Samstag, Mai 02, 2015

Kühle Kometenmelodien

Depeche-Mode-Mastermind Martin Gore und sein instrumentales Soloalbum „MG“ 

Die Ankündigung dieses Albums kam relativ aus dem Nichts. Schließlich führten 35 Dienstjahre als Songschreiber für Depeche Mode dazu, dass bisher keine einzige Soloveröffentlichung Martin Gores mit Eigenmaterial vorlag. Nach den eineinhalb hübschen, 1989 und 2003 veröffentlichten „Counterfeit“-Alben mit als Fremdinterpretationen angelegten Coversongs darf rückwirkend der Zusammenschluss mit Vince Clarke für das Techno-Projekt VCMG im Jahr 2012 als wichtiger Schritt in die Richtung gedeutet werden, abseits der fixen, neue Arbeiten im Vierjahrestakt zeitigenden DM-Routine einmal etwas anderes mit der kreativen Energie anzustellen.

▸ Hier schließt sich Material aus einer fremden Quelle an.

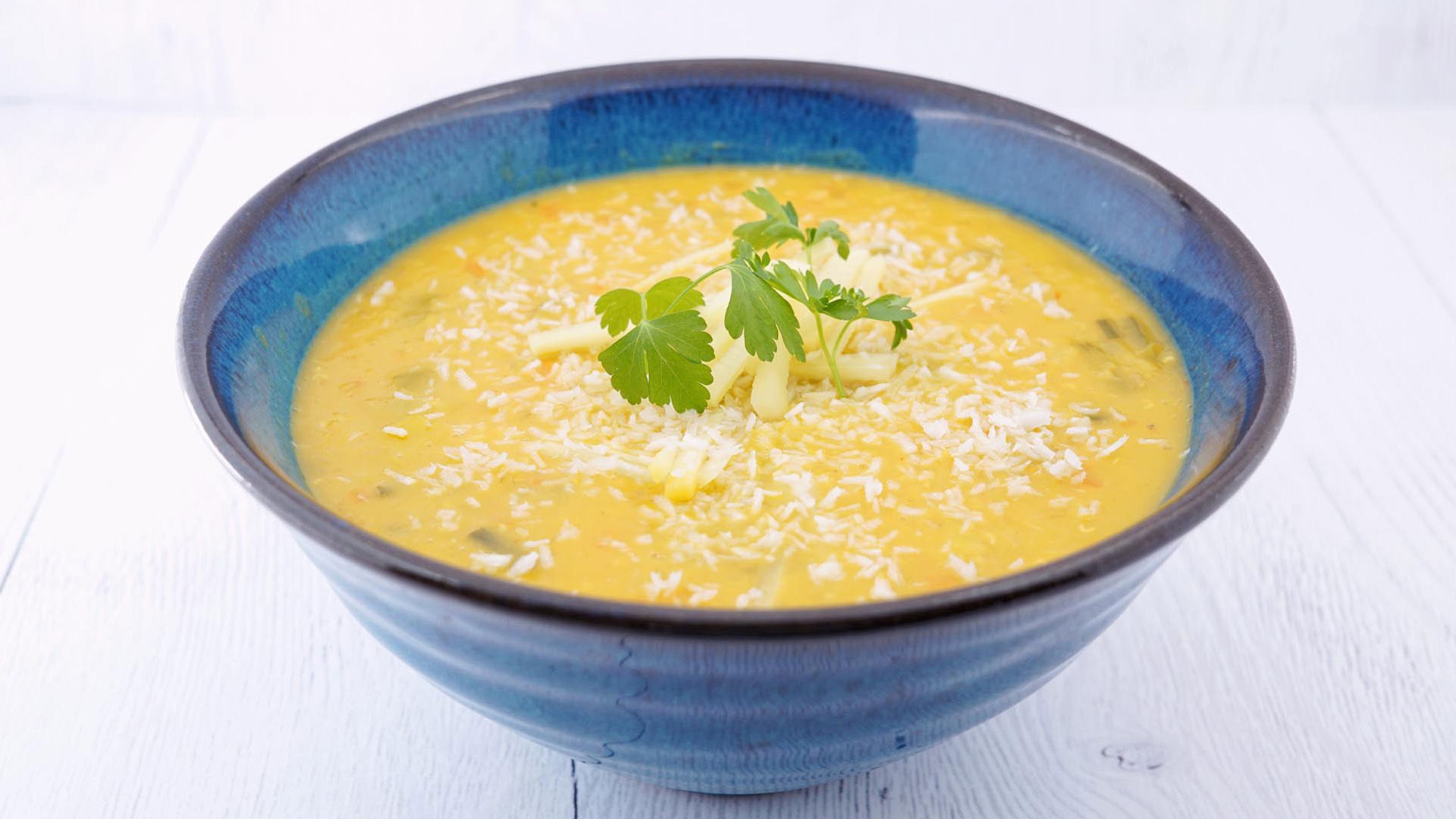 Ingwer-Linsensuppe mit Kokosmilch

Gekannt und geschätzt wird Martin Gore vom Publikum für erhaben-bittersüße Popsongs zum Thema Glaube, Liebe, Hoffnung, das hier immer auch streng mit Sex und der von diesem beförderten katholischen Schuld in Verbindung steht. Oft hat man es dabei mit Liedern zu tun, die von ihrer Natur her „sophisticated“ sind, dabei aber auch schlau genug, sich trotzdem für Stadionkonzerte zu eignen. Neben Gores herrlicher, gerne auf ein mächtiges Vibrato gebuchter Stimme, die meist zwei, drei Songs pro Album trägt und für den Rest andächtig Dave Gahans Leadgesang aus dem Background abfedert, wird der Laufkundschaft auch die zum Blues tendierende Gitarre des Meisters erinnerlich sein. Nichts davon befindet sich nun allerdings auf den 16 Stücken von „MG“ (Mute). Hier wird auf die Liebe Eingeschworener gesetzt, die Gores zunehmend zum Fetisch gewordene Faszination für alte Analog-Synthesizer und die darauf gezimmerten Instrumentalstücke kennen, die auf Depeche-Mode-Alben gelegentlich den Steigbügel für die Hits machen durften. Diese Tradition wurde auf dem Album „Delta Machine“ zuletzt übrigens abgeschafft, weil seit der Neuerfindung Dave Gahans als Teilzeitsongwriter bei allen Sessions mehr Material entsteht, als auf einer CD Platz finden kann. Vier für die Band geschriebene Instrumentals also bildeten die Basis, um die herum sich Gore nach Tourende im Heimstudio ein ganzes Album von der Seele schraubte. 

Plingen und plongen 

Die auf einem raumausfüllenden, dank zahlreicher Knöpfe an Spaceshuttle-Bordcomputer erinnernden Eurorack-System entstandenen Stücke sind dabei entsprechend nicht am Zeitgeist interessiert. Sie liefern mit starker retrofuturistischer Schlagseite einen möglichen Soundtrack, dessen Trägerfilm zumindest über weite Teile draußen im Orbit spielt. Im modernsten Fall darf man vielleicht an die „Space Night“-Reisen des Bayerischen Rundfunks denken, wenn sich daran noch jemand erinnern kann. Der Rest aber geht um Dekaden zurück und lässt mit zart-kühlen Kometenmelodien zwischendurch auch an die diesbezügliche Vorarbeit von Kraftwerk aus Düsseldorf denken. 

Synthiebässe plingen und plongen, drastische Zuschs und Zoschs reißen Extraterrestrier aus dem Schlaf, und bezüglich der „Hooks“ vermeidet Martin Gore jedwede Gefahr, Ideen für die Arbeit als Songwriter zu verschwenden. Das führt zu aufgeräumten, gelegentlich auch etwas ereignisarmen Miniaturen im Dienst der Atmosphäre, deren heterogene Klangfarben zwischen dem düster-reduzierten „Islet“ und der breiter ausformulierten, luftig in den Frühling drängenden „Europa Hymn“ nichts an der ästhetischen Geschlossenheit des Gesamtpakets ändern. Ja! Guter Mann. Immer noch.